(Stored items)
______________________________

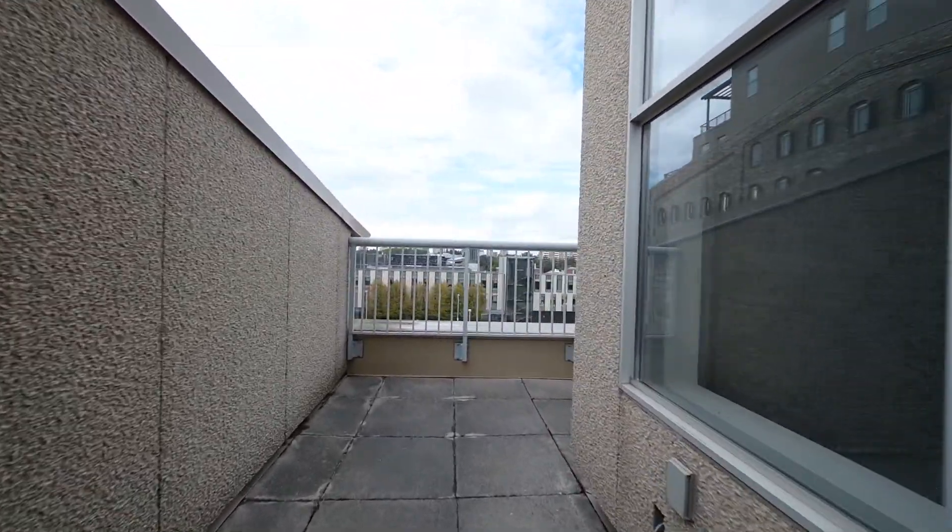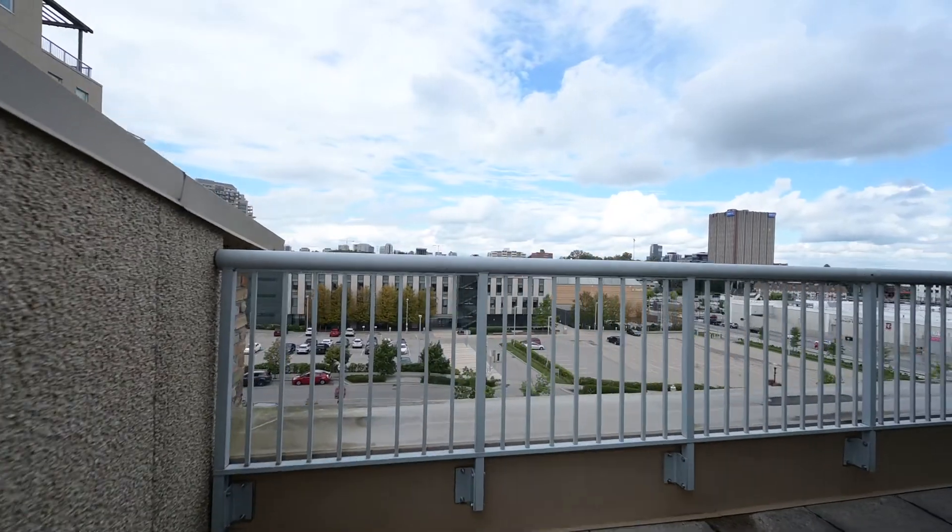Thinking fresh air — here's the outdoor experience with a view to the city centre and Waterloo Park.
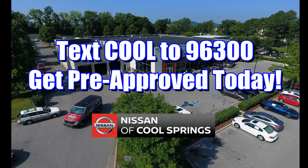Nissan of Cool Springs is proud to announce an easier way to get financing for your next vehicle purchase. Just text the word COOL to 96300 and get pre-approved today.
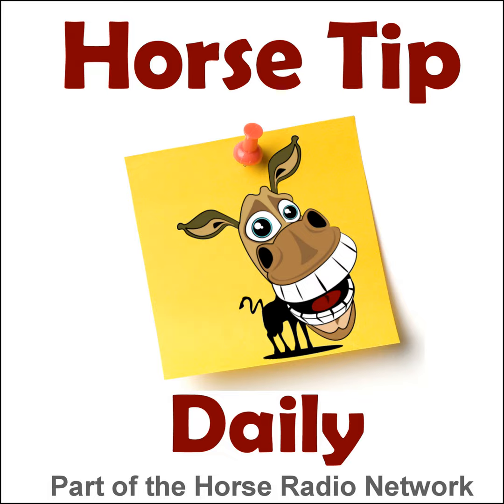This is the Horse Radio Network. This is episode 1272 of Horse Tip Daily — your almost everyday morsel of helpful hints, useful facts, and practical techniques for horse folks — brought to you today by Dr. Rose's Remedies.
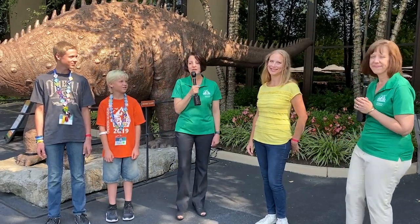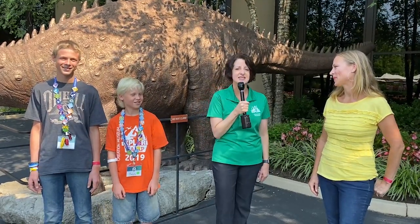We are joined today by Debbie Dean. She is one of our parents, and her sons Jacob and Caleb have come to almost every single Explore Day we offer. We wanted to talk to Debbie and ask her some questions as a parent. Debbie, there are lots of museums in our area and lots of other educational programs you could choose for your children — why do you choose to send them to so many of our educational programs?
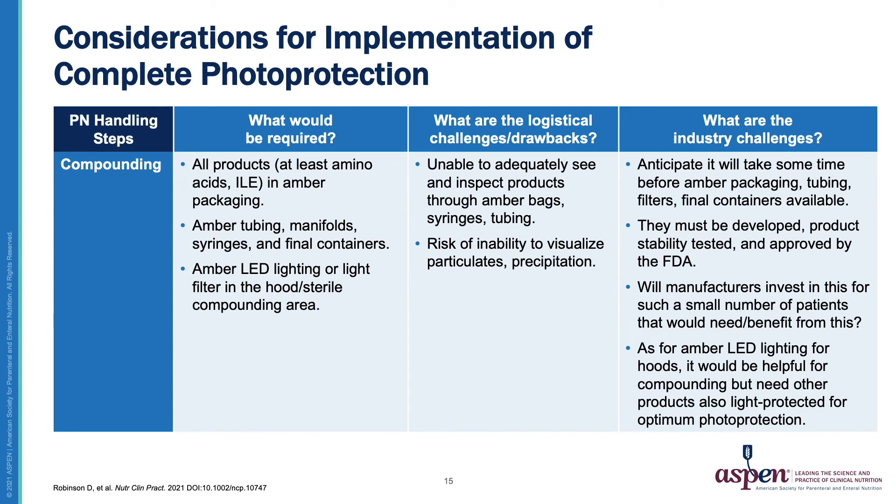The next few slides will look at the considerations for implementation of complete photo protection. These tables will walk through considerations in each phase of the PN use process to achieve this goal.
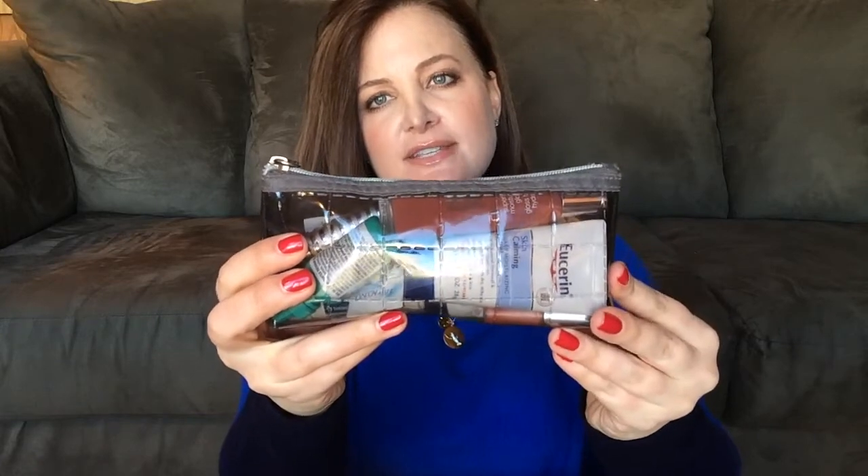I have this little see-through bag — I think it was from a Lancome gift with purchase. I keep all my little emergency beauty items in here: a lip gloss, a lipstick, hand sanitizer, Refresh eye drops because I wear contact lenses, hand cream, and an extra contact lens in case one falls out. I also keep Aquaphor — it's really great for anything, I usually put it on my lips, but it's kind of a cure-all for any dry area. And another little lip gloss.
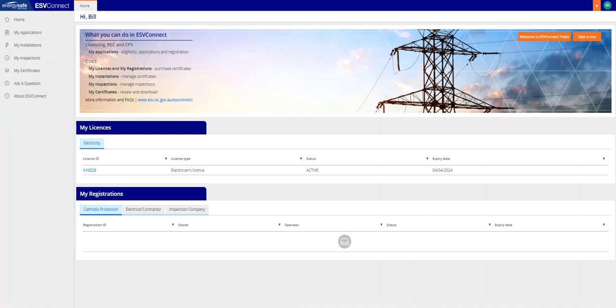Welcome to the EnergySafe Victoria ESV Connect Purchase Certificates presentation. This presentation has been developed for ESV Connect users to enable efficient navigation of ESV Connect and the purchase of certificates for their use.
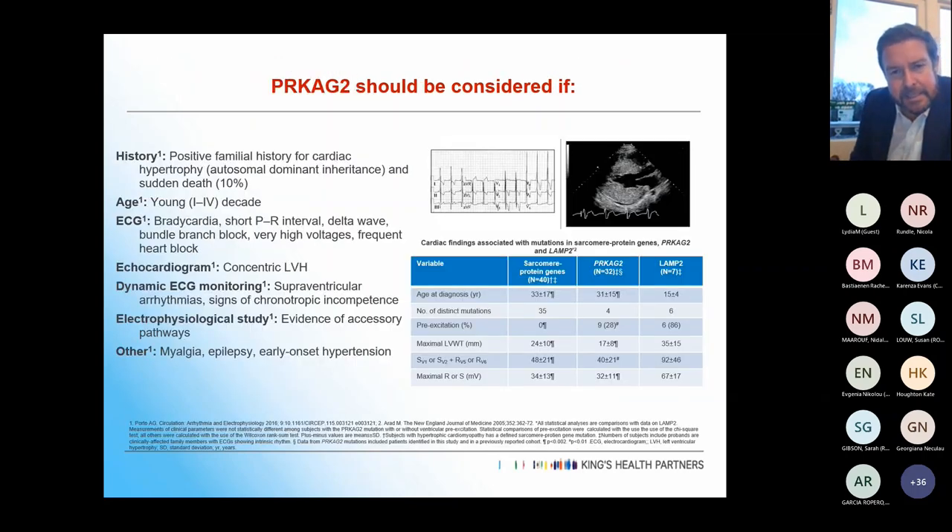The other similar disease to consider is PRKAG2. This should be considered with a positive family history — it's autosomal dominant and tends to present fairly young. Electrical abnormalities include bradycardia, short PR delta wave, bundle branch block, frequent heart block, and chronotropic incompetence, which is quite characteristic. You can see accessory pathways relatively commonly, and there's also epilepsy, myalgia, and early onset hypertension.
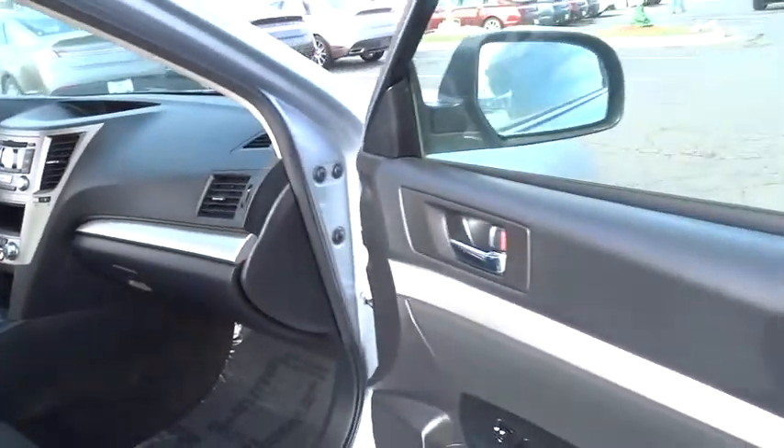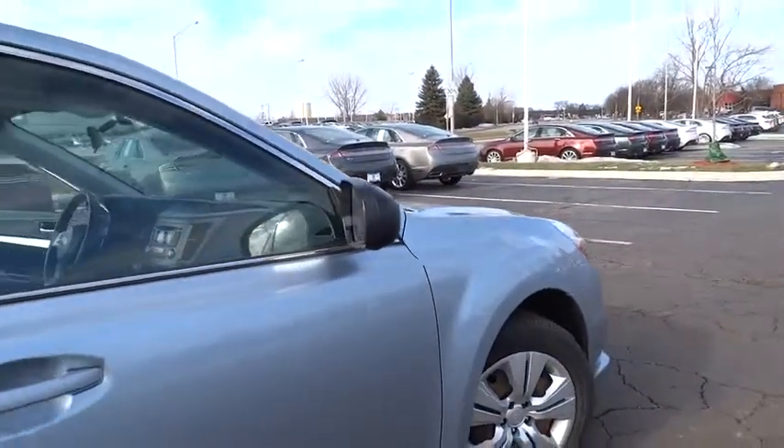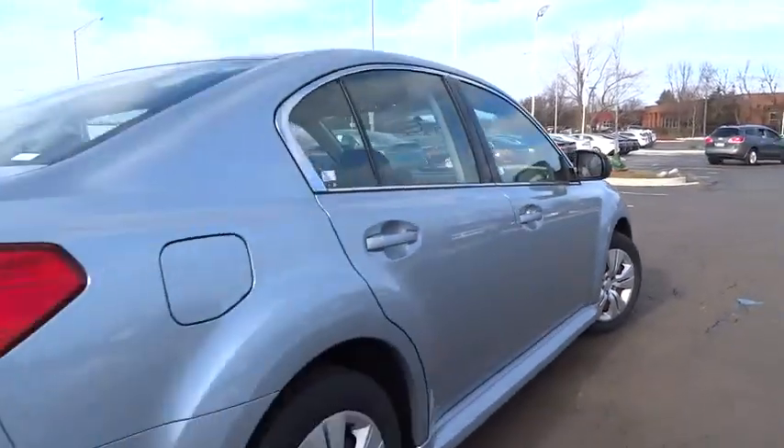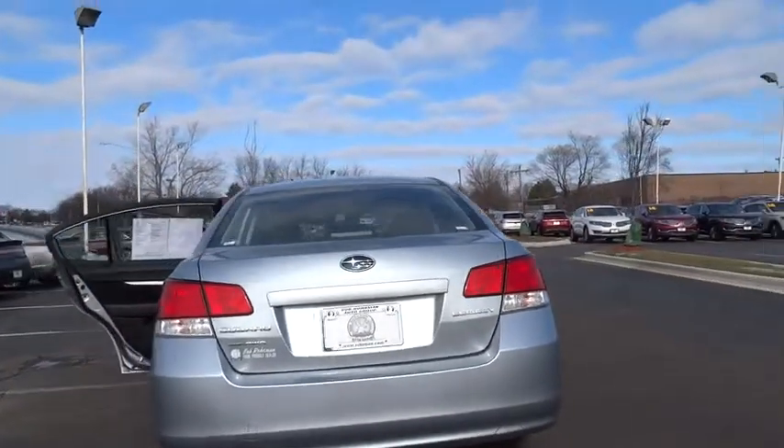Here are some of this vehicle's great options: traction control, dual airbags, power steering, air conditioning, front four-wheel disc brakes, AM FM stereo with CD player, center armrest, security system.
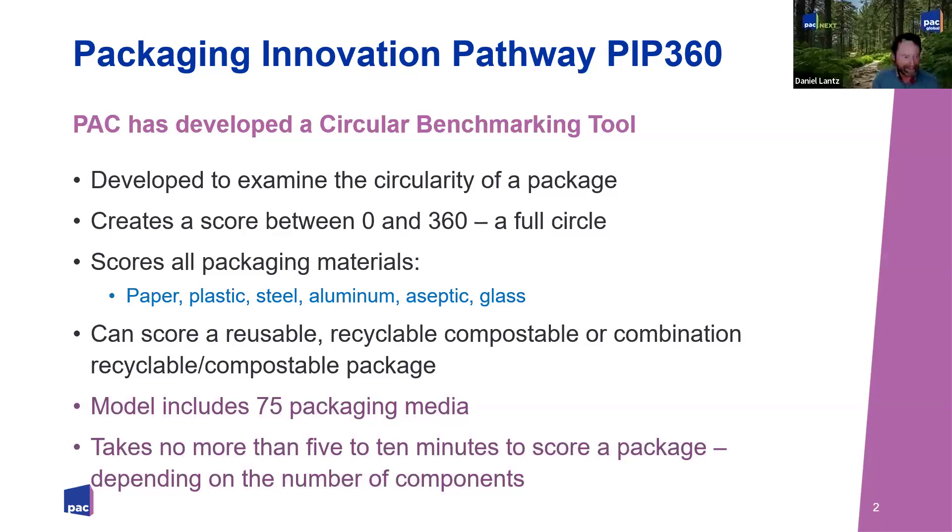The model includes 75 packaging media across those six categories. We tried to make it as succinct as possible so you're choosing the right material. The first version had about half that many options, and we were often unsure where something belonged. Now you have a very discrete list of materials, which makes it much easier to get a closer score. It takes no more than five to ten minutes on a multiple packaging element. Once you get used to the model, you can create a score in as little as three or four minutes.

______________________________

What you need to do ▸ Please retype the data exactly as it appears, but without any of its pictures.

Exercise response ▸
Thinking fresh air — here's the outdoor experience with a view to the city centre and Waterloo Park.
Nissan of Cool Springs is proud to announce an easier way to get financing for your next vehicle purchase. Just text the word COOL to 96300 and get pre-approved today.
This is the Horse Radio Network. This is episode 1272 of Horse Tip Daily — your almost everyday morsel of helpful hints, useful facts, and practical techniques for horse folks — brought to you today by Dr. Rose's Remedies.
We are joined today by Debbie Dean. She is one of our parents, and her sons Jacob and Caleb have come to almost every single Explore Day we offer. We wanted to talk to Debbie and ask her some questions as a parent. Debbie, there are lots of museums in our area and lots of other educational programs you could choose for your children — why do you choose to send them to so many of our educational programs?
The next few slides will look at the considerations for implementation of complete photo protection. These tables will walk through considerations in each phase of the PN use process to achieve this goal.
I have this little see-through bag — I think it was from a Lancome gift with purchase. I keep all my little emergency beauty items in here: a lip gloss, a lipstick, hand sanitizer, Refresh eye drops because I wear contact lenses, hand cream, and an extra contact lens in case one falls out. I also keep Aquaphor — it's really great for anything, I usually put it on my lips, but it's kind of a cure-all for any dry area. And another little lip gloss.
Welcome to the EnergySafe Victoria ESV Connect Purchase Certificates presentation. This presentation has been developed for ESV Connect users to enable efficient navigation of ESV Connect and the purchase of certificates for their use.
The other similar disease to consider is PRKAG2. This should be considered with a positive family history — it's autosomal dominant and tends to present fairly young. Electrical abnormalities include bradycardia, short PR delta wave, bundle branch block, frequent heart block, and chronotropic incompetence, which is quite characteristic. You can see accessory pathways relatively commonly, and there's also epilepsy, myalgia, and early onset hypertension.
Here are some of this vehicle's great options: traction control, dual airbags, power steering, air conditioning, front four-wheel disc brakes, AM FM stereo with CD player, center armrest, security system.
The model includes 75 packaging media across those six categories. We tried to make it as succinct as possible so you're choosing the right material. The first version had about half that many options, and we were often unsure where something belonged. Now you have a very discrete list of materials, which makes it much easier to get a closer score. It takes no more than five to ten minutes on a multiple packaging element. Once you get used to the model, you can create a score in as little as three or four minutes.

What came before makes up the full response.